> TASK BRIEF
Every entry below has to appear again in your reply, word for word, but no picture may.

(Captioned web image data)
####################
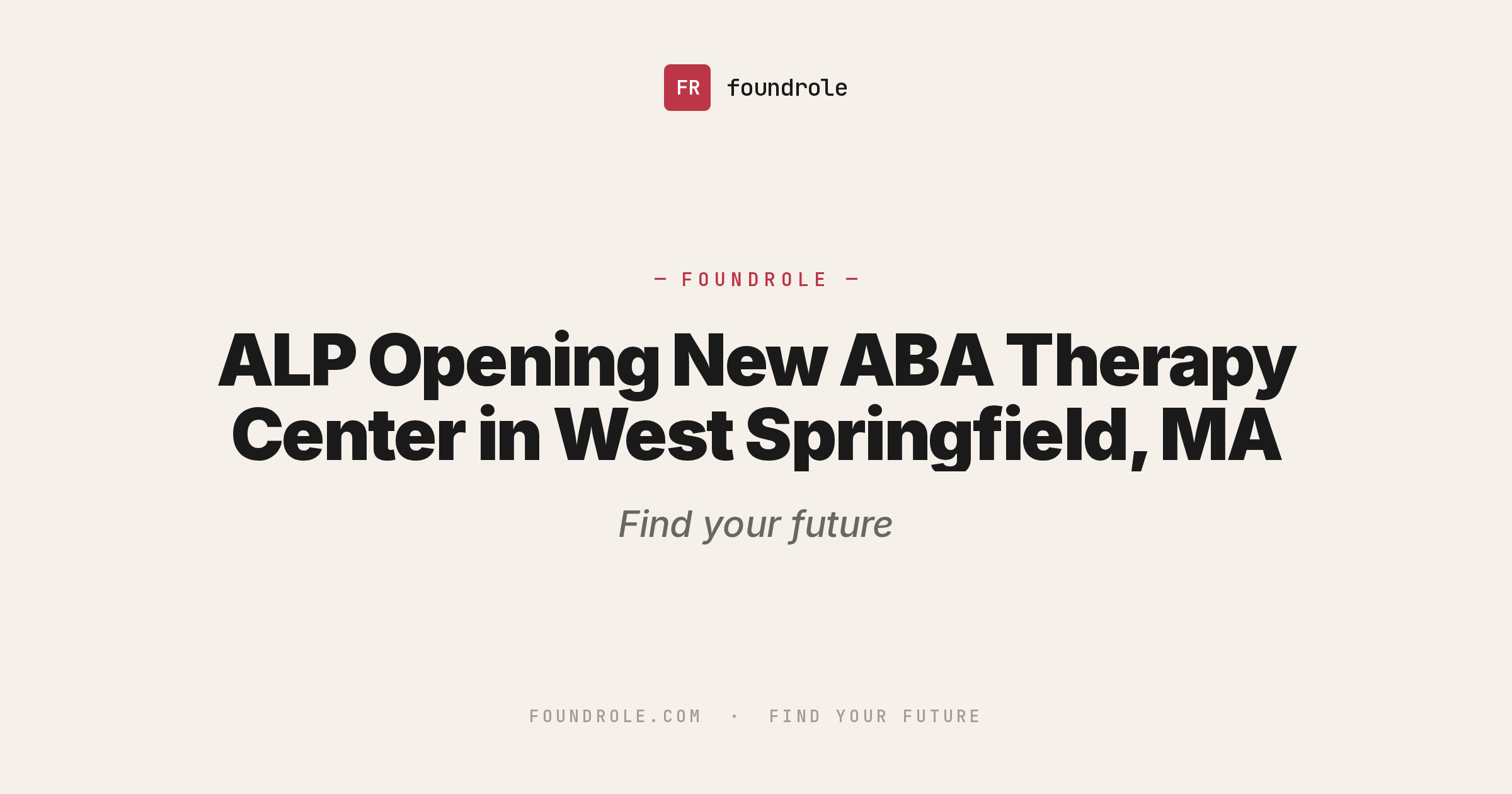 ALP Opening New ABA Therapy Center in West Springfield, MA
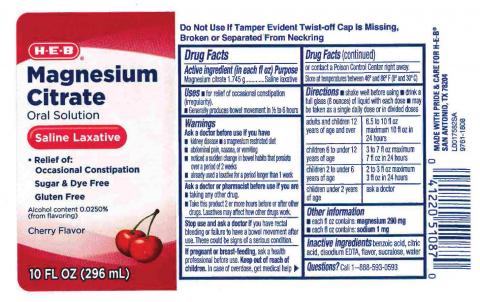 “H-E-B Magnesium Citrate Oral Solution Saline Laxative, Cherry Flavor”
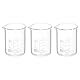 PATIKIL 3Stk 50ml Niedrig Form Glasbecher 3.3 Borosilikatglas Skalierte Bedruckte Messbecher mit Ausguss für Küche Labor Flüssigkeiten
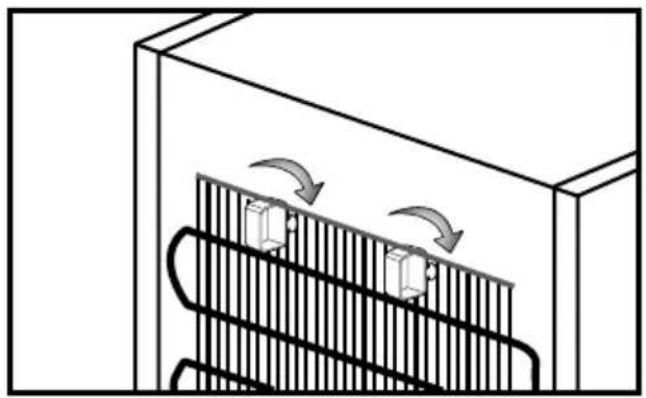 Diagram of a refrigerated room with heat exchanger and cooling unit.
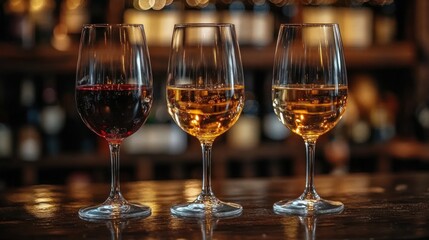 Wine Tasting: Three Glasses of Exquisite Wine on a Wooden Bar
####################
> ANSWER TO THE EXERCISE
 ALP Opening New ABA Therapy Center in West Springfield, MA
 “H-E-B Magnesium Citrate Oral Solution Saline Laxative, Cherry Flavor”
 PATIKIL 3Stk 50ml Niedrig Form Glasbecher 3.3 Borosilikatglas Skalierte Bedruckte Messbecher mit Ausguss für Küche Labor Flüssigkeiten
 Diagram of a refrigerated room with heat exchanger and cooling unit.
 Wine Tasting: Three Glasses of Exquisite Wine on a Wooden Bar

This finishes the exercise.